If anything this reduction of leverage ratio will also result in a stiffer overall damping (if you were to take your shocks off your axys). This alone could make for a bad ride (or again, good, depending who you are!~)
Going to go off on a tangent here for a second, hang with me.
In the mountain bike world everything works in trends. Coil is cool. Then air. Now back to coil. Low bars were all the rage. Then tall bars. Wide bars, then narrow. Small wheels. Then Big. Etc etc.
A french racer was known to whoop *** on a bike with 2/3s the travel as the other pros of the time. Then long travel trophy truck suspension was the rage.
What really drove these trends were the riders piloting the bikes. (whoever was winning MUST have the right setup eh?)

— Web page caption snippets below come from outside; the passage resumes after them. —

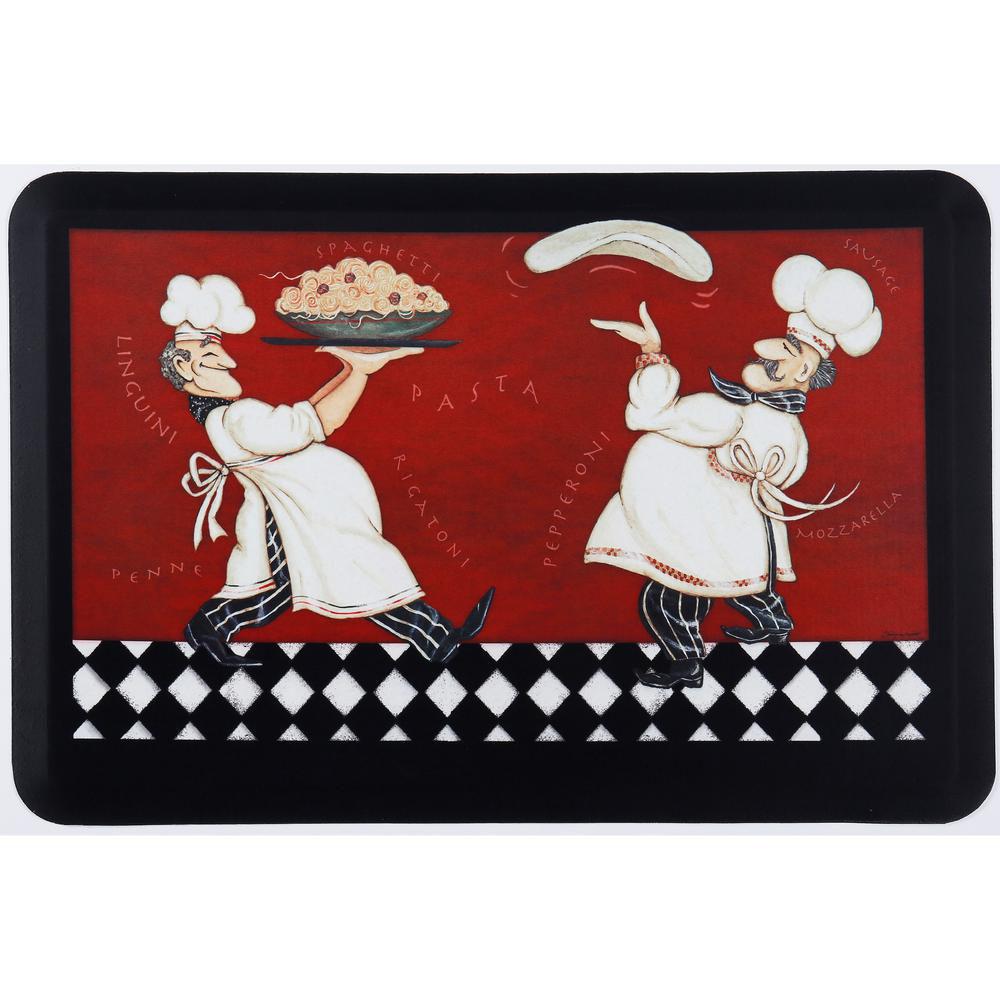 Oversized Chef Series Anti Fatigue Kitchen Mat Kitchen & Dining 18" X 30" Pizza Pasta Chefs - DailySale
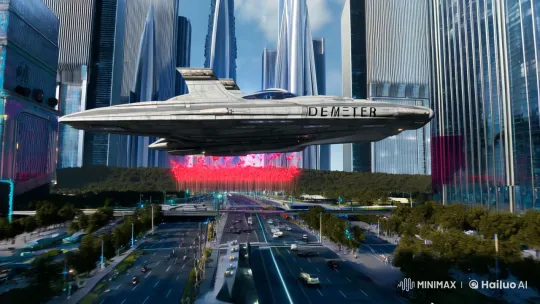 Futuristic Spacecraft DEMETER Navigates Vibrant Nova City – AI Generated Video | Hailuo AI
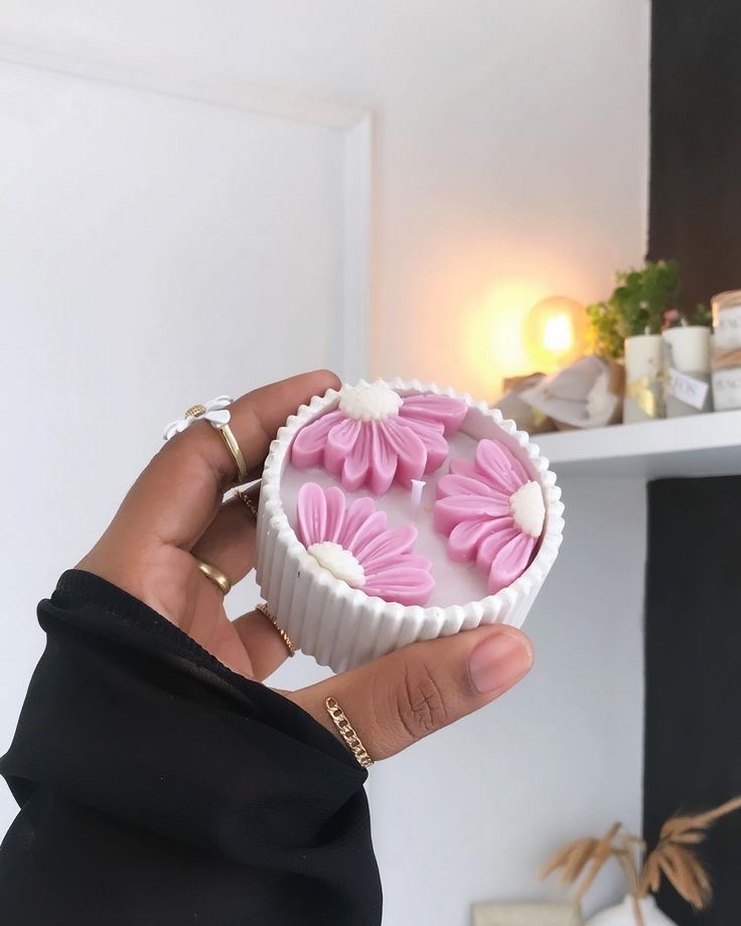 Beyaz Papatya Kapaklı Mumluk Seti - Görsel 3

Truth is, the suspension package had to fit the rider (and often talent mattered more than technology). The tracks didn't change (relatively speaking) yet there were so many configurations out there, even within the same frameset, it was crazy!
My point is, I'd wager Polaris set this up to be as vanilla as possible. To work for the most riders out there with minimal monkeying. That said, I could see 10% less travel with a stiffer spring rate maybe being better for me than softer and all the travel. Maybe not. But again, there is probably more wiggle room than we pretend. Taste. Riding style. Conditions.
In your example above, maybe he would have gotten bucked. Maybe not. Like I implied above, less travel with a firmer rate could skip over that just like more travel and a softer rate.
Don't forget the big variable in suspension is the medium it is suspending the rider against. Snow. Snow is often a damper all in its own regard. Sometime we have a lot of it, sometimes none. But this alone shows how dynamic of an environment our machines operate in!